Considerable research effort taking new, multidisciplinary approaches is needed to significantly advance the engineering of the machines and systems described. It adds to our knowledge and prowess in building robotic systems which are ever safer, more robust, efficient, easy to use, and - where needed – more autonomous. It will potentially be rewarded with greatly increased productivity of human labour and the creation of new useful products and services.

But apart from the many scientific, technical and socio-economic challenges equally challenging ethical questions remain. They are of particular interest and importance if public funding is involved. We can not and must not curb scientific curiosity but we should ask: Are there general principles that may guide public funding of research and the use of its results – beyond innovation and competitiveness?

Bertolt Brecht, in his “The Life of Galilei”, had the great scientist say: “I maintain that the only goal of science is to alleviate the drudgery of human life.” Sound advice, indeed! We should fund research whose results could help create better living conditions for everyone on this planet, and research that helps us to better understand ourselves and the world we live in. The former is not possible without the latter.

Clearly, there are at least two faces to whatever we discover or invent. We are all too aware of the shady sides of nuclear technology, biotechnology, and of the technologies which help to speed up the process of global warming. All of us - decision makers, researchers and citizens alike - should ensure that research results can not and will not be used to increase the suffering of people or harm our planet. Past experience shows that this is not easy. Free movement of researchers, scientific knowledge and technology is certainly a part of achieving this. Ultimately, however, legislators need to set the rules, with due regard to the democratic process.

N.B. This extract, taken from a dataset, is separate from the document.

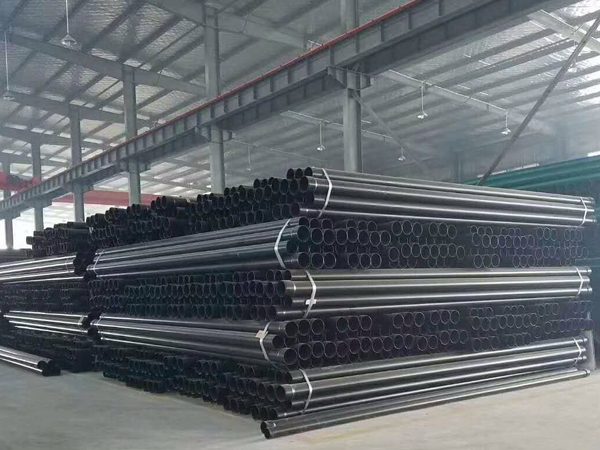 塔什库尔干热轧耐候钢管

Cognitive Systems and Robotics research may well be in line with Galilei’s advice. A welcome side-effect could even be the improvement of our understanding of the human condition. Yet we must be aware of potential hazards and downsides. The prospect of being cared for by a robot when we are old and frail may be frightening, comforting, or amusing, depending on one’s point of view. But would we really choose to replace a human carer by a machine, if such an option were available? Or should we not use these machines to complete other tasks or roles and give people more time to care for and help each other? The choice is ours.

A more serious concern is linked to the concept of an autonomous machine. This could be a self-controlling road vehicle which may become a reality rather sooner than later given the speed of current technological advancement. It could be a robot designed to replace a soldier in the battlefield. Who is responsible for its actions? Who is liable? Can such a machine behave ethically of its own accord?

I believe the answer is a firm “no”. Machines should be designed, built, programmed, trained so that they can render useful services. While possibly requiring limited autonomy they must for example never be allowed to kill. In the last instance, they must always be controlled by people. Machines – no matter how sophisticated - are as “ethical” as the people who design, build, program, train and use them.

We must not forget that man-made machines are categorically different from natural living, feeling, and thinking beings. The more we fancy machines to be human-like the higher the risk of us becoming machine-like ourselves. The more we rely on machines to make decisions that only we can justifiably make, the more we deprive ourselves of our authority, independence and our essential human characteristics. And contrary to nightmarish musings about robots taking over the planet and about robot-rights: man-made machines – no matter how sophisticated - have no rights and should not be feared; we can switch them off, take them off line or, ultimately, dismantle them.

We, jointly and individually, have to take full responsibility for what we are doing, good or bad, constructive or destructive, through our own inventions and creations, to each other and our world at large.